On Tue, Sep 24, 2019 at 1:09 PM Hao Sun <[hidden email]> wrote:

I think I overlooked it. Good point. I am using Redis to save the path to my savepoint, I might be able to set a TTL to avoid such issue.

Hao Sun

On Tue, Sep 24, 2019 at 9:54 AM Yuval Itzchakov <[hidden email]> wrote:

Hi Hao,

I think he's exactly talking about the usecase where the JM/TM restart and they come back up from the latest savepoint which might be stale by that time.

On Tue, 24 Sep 2019, 19:24 Hao Sun, <[hidden email]> wrote:

We always make a savepoint before we shutdown the job-cluster. So the savepoint is always the latest. When we fix a bug or change the job graph, it can resume well.
We only use checkpoints for unplanned downtime, e.g. K8S killed JM/TM, uncaught exception, etc.

Maybe I do not understand your use case well, I do not see a need to start from checkpoint after a bug fix.
From what I know, currently you can use checkpoint as a savepoint as well

Hao Sun

On Tue, Sep 24, 2019 at 7:48 AM Yuval Itzchakov <[hidden email]> wrote:

AFAIK there's currently nothing implemented to solve this problem, but working on a possible fix can be implemented on top of https://github.com/lyft/flinkk8soperator which already has a pretty fancy state machine for rolling upgrades. I'd love to be involved as this is an issue I've been thinking about as well.

Yuval

On Tue, Sep 24, 2019 at 5:02 PM Sean Hester <[hidden email]> wrote:

hi all--we've run into a gap (knowledge? design? tbd?) for our use cases when deploying Flink jobs to start from savepoints using the job-cluster mode in Kubernetes.
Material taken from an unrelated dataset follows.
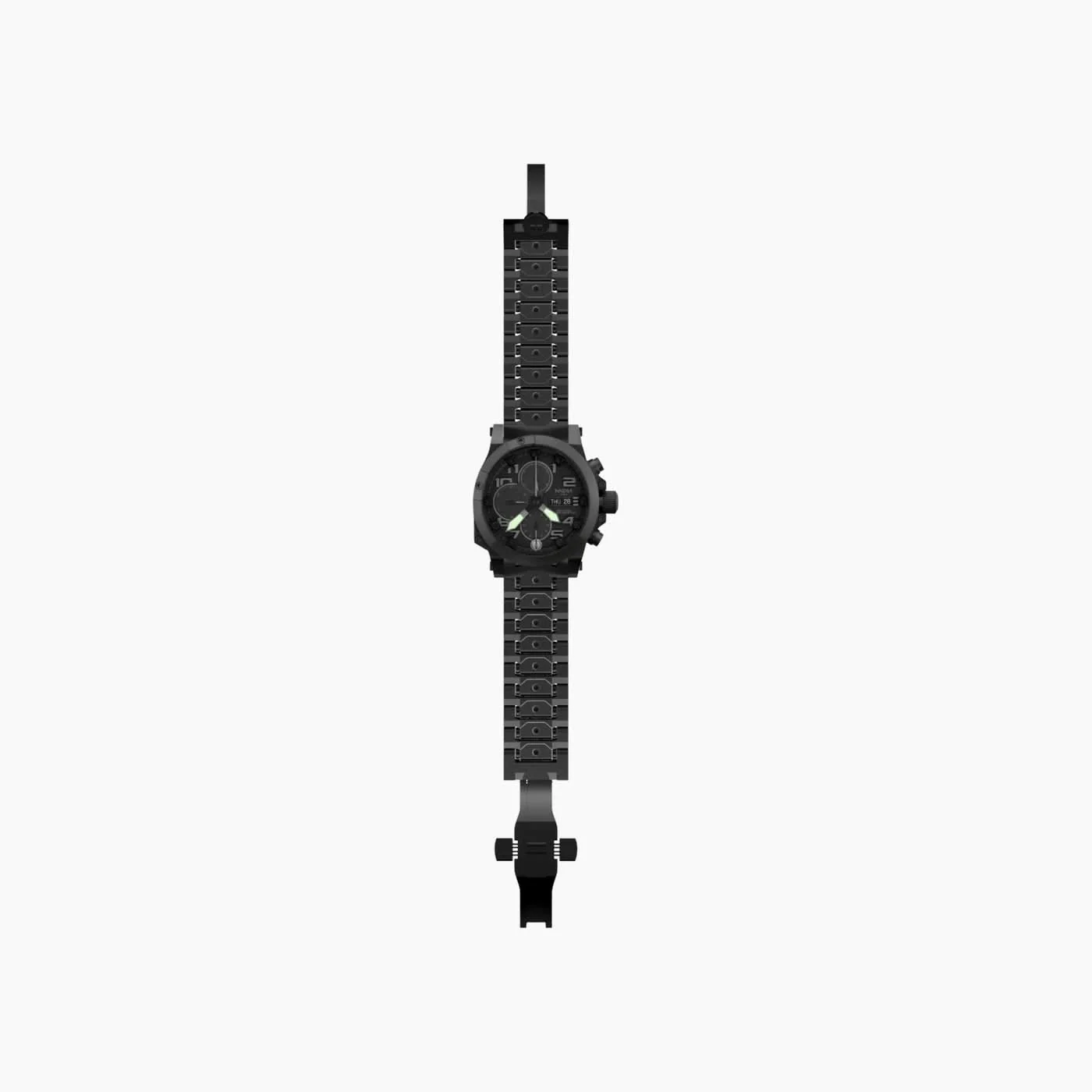 Black Sherman 3-Ger - Image 2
we're running a ~15 different jobs, all in job-cluster mode, using a mix of Flink 1.8.1 and 1.9.0, under GKE (Google Kubernetes Engine). these are all long-running streaming jobs, all essentially acting as microservices. we're using Helm charts to configure all of our deployments.

we have a number of use cases where we want to restart jobs from a savepoint to replay recent events, i.e. when we've enhanced the job logic or fixed a bug. but after the deployment we want to have the job resume it's "long-running" behavior, where any unplanned restarts resume from the latest checkpoint.
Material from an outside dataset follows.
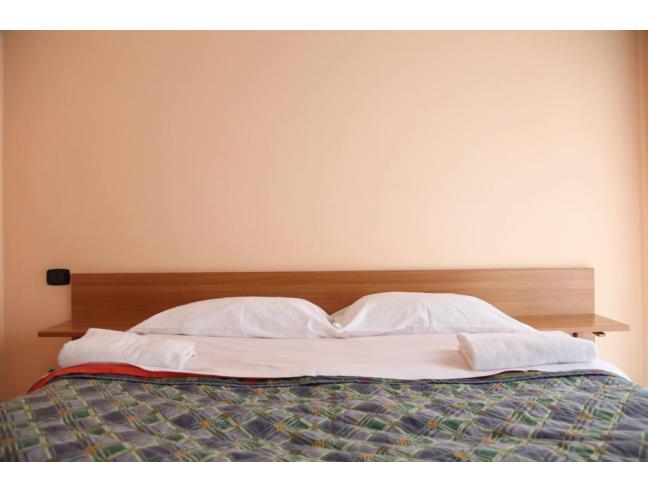 Anteprima foto 4 - Offerte Vacanze Residence a Termoli (Campobasso)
the issue we run into is that any obvious/standard/idiomatic Kubernetes deployment includes the savepoint argument in the configuration. if the Job Manager container(s) have an unplanned restart, when they come back up they will start from the savepoint instead of resuming from the latest checkpoint. everything is working as configured, but that's not exactly what we want. we want the savepoint argument to be transient somehow (only used during the initial deployment), but Kubernetes doesn't really support the concept of transient configuration.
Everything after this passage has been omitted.